Effects of a larger rent burden are more extreme in already unaffordable areas
A two-percentage-point increase in the rent burden would result in an additional 1,500 Americans becoming homeless, according to new research from Zillow in collaboration with researchers at the University of New Hampshire, Boston University School of Social Work, and University of Pennsylvania.
The study also showed that the homelessness rate accelerates much more quickly when the rent burden climbs above 32%.
Zillow said the effects of a larger rent burden are more extreme in already-unaffordable areas where rent burdens are beyond the 32% tipping point. In Los Angeles, a two-percentage-point increase could force an additional 4,227 people into homelessness.
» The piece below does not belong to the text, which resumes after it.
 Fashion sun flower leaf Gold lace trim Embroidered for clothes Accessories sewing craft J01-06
In other communities, however, homelessness is predicted to decline despite increasing rent burdens.
The study found that the rent burden already exceeds the 32% threshold in 100 of the 386 Continuums of Care areas included in the analysis. However, a renter earning the median US income and looking to rent the median-priced apartment should only expect to spend about 28% of their income on rent.
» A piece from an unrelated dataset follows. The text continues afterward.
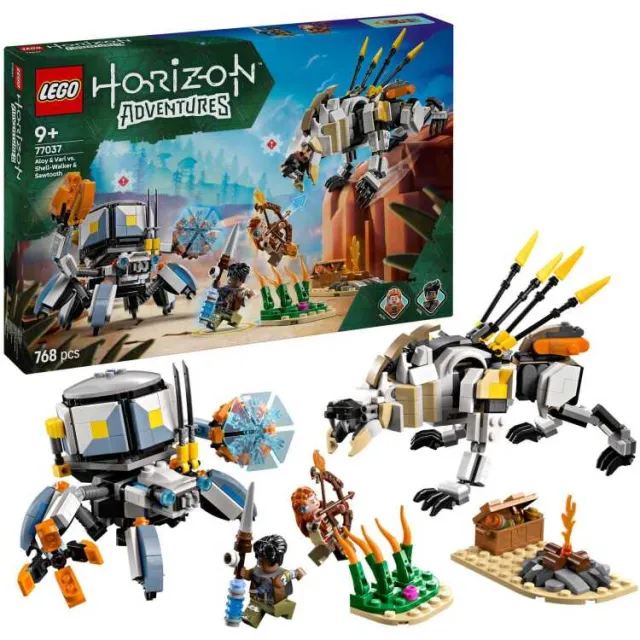 Lego Horizon Adventures - Aloy en Varl vs. Shell-Walker en Sawtooth Constructiespeelgoed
Monroe County in Florida leads the areas with the highest rent burden, with a median market rate rent consuming 62.9% of the area's median household income. Los Angeles (49%), Portland, Ore., (36.7%), and Seattle (34.2%) are also on the list. These three cities have all declared a homelessness "state of emergency."
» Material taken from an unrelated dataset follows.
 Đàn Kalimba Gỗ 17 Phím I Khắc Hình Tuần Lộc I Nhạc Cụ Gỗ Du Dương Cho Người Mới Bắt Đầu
"It's undoubtedly good news that the overall level of homelessness has fallen nationwide, even as housing costs have increased. But that zoomed-out view obscures some very real, local tensions between housing affordability and homelessness, and ignores the reality that success in tackling homelessness in one community doesn't necessarily have the same effect in another," said Skylar Olsen, Zillow director of economic research and outreach.